Hydrogen: see previous answer.

Jet Zero provides no evidence that these obstacles can be overcome.

We need to cut aviation emissions now to allow time for green hydrogen to be developed and tested; and to understand the extent to which, and the timescale within which, it can be deployed commercially.

 

The most effective way to maximise efficiency (i.e., reduce emissions intensity) is to constrain air traffic growth. This would have a number of benefits as it would ensure:

 

Another effective way to ensure efficiency improvements accelerate and aviation emissions reduce is to increase the price of aviation fossil fuel by introducing an appropriate level of fuel tax or an emissions price. An emissions price could factor in both CO2 and non-CO2 emissions and could also apply to alternative jet fuels (biofuels and e-fuels) which only partially reduce CO2 and non-CO2 emissions. This would send a price signal that incentivises manufacturers to accelerate technology development and consumers to alter their behaviour.
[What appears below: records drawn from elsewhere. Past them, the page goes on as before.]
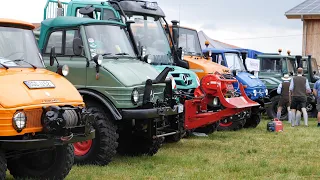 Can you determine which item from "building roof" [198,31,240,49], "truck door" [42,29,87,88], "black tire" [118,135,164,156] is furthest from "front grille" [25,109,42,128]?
"building roof" [198,31,240,49]

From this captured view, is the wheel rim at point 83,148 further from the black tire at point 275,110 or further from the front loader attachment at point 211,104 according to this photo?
the black tire at point 275,110

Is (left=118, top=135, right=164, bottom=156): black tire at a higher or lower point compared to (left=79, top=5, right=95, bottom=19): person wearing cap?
lower

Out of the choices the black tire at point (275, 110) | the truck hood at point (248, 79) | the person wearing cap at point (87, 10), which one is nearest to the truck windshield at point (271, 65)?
the black tire at point (275, 110)

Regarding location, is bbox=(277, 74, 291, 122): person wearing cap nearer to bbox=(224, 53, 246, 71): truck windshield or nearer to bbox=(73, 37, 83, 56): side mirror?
bbox=(224, 53, 246, 71): truck windshield

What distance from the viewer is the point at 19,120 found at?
615cm

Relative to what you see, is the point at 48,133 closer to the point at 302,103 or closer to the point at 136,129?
the point at 136,129

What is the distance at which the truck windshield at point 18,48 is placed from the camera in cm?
707

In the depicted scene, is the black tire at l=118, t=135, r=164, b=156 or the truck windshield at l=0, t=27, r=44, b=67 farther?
the black tire at l=118, t=135, r=164, b=156

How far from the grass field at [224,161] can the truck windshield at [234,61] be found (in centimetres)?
345

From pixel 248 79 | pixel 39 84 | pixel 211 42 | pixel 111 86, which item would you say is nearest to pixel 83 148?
pixel 111 86

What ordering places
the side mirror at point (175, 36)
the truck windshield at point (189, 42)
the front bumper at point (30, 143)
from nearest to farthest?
the front bumper at point (30, 143)
the side mirror at point (175, 36)
the truck windshield at point (189, 42)

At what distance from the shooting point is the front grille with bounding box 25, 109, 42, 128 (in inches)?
248

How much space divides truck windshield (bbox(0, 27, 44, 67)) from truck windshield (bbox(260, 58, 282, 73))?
44.7 ft

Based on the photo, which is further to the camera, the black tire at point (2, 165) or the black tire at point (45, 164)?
the black tire at point (45, 164) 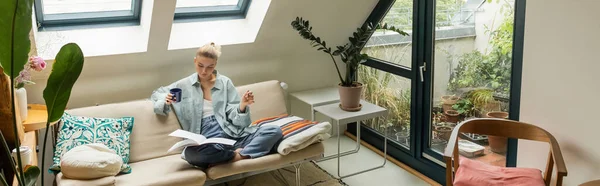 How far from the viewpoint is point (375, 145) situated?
427 cm

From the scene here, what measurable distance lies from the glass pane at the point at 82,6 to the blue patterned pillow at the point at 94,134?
0.76 metres

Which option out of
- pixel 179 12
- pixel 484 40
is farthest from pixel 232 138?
pixel 484 40

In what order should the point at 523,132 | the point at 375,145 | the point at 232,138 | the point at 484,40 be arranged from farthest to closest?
1. the point at 375,145
2. the point at 232,138
3. the point at 484,40
4. the point at 523,132

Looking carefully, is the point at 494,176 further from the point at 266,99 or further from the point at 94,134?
the point at 94,134

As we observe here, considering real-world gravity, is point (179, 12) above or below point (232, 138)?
above

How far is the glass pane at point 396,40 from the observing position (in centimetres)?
377

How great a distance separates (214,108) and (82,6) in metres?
1.14

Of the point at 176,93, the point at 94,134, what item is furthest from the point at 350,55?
the point at 94,134

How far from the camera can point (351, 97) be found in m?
3.62

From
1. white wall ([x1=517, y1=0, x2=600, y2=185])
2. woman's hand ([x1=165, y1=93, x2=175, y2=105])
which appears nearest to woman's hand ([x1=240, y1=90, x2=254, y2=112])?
woman's hand ([x1=165, y1=93, x2=175, y2=105])

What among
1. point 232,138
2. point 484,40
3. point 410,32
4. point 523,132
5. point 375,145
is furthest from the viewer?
point 375,145

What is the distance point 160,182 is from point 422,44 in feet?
6.37

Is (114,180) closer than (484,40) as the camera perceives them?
Yes

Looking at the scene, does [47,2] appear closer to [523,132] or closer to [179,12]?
[179,12] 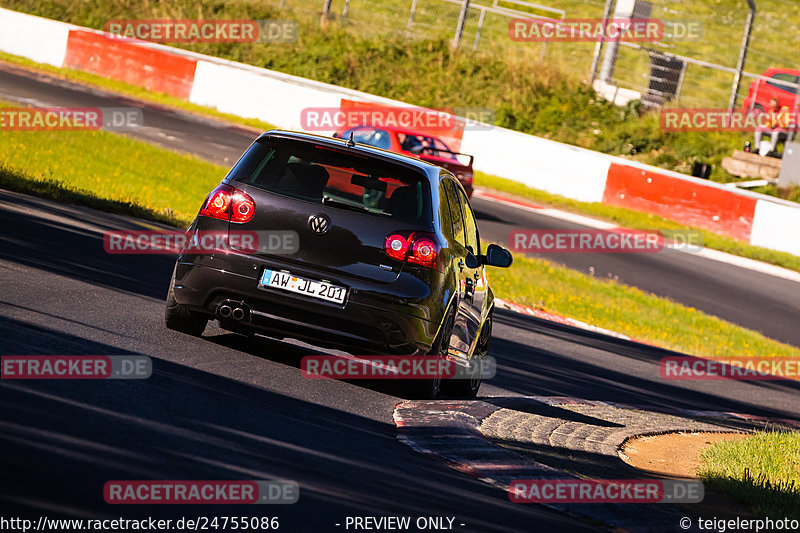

Jet Zero appears only to use carbon pricing as a means to fund carbon offset schemes in the near-term and greenhouse gas removal technology in the long-term. This is inadequate to deal with the urgent need to cut emissions in the next 10 years. As the UK is no longer a member of the EU, the government is free to introduce an aviation fuel tax on domestic flights and flights to the EU immediately.

 

We advocate that the target should only be net zero if the use of carbon offsets to achieve this target is ruled out. We view carbon offset schemes as highly problematic due to the likelihood of issues such as verification, additionality and permanence. Greenhouse gas removal (GGR) technology is therefore far more likely to be required over carbon offset schemes. Resource (land, water, food, energy etc.) scarcity means that GGR must also be minimised and is likely to remain very high cost. As workers in the sector, we are concerned that leaders will bank on the use of cheap, ineffective offsets over the next two decades to “achieve” this 2040 target when it appears highly likely that the use of such schemes will soon be discontinued. If they are relied on, then removed, the sector would be faced with unexpected high GGR costs that may cause a severe industry crash and loss of employment that could have been avoided through more robust forward planning.

In addition, a realistic tax / emissions price on aviation fossil fuel would make ‘SAF’ a more economically competitive fuel. This would incentivise all stakeholders to increase investment in technological innovation and would remove a significant barrier to uptake of SAF by operators i.e.: cost. The increased cost would be borne by consumers, adhering to the stated ‘polluter pays’ principle 

A price premium means introducing a carbon tax, at a realistic level, on aviation fossil fuels. Ideally this would be applied as an emissions price that accounts for both CO2 and non-CO2 impacts, as a potential benefit of alternative fuels is the ability to partially reduce both CO2 and non-CO2 emissions. Clarity (currently lacking) on the relative pricing of all emissions would be of great benefit for the industry to plan and select the most appropriate technology strategies.

Fuel tax (emissions pricing) is essential, with a frequent flyer levy on top to place the bulk of increased financial burden on to frequent flyers who are predominantly from high-income and high emissions groups.

Discuss international aviation emissions at COP26.

CORSIA will be ineffective as the most emissions are exempt and the price of emissions will fall within the uncertainty of existing fuel price fluctuations. CORSIA needs to be replaced or drastically reformed to change this.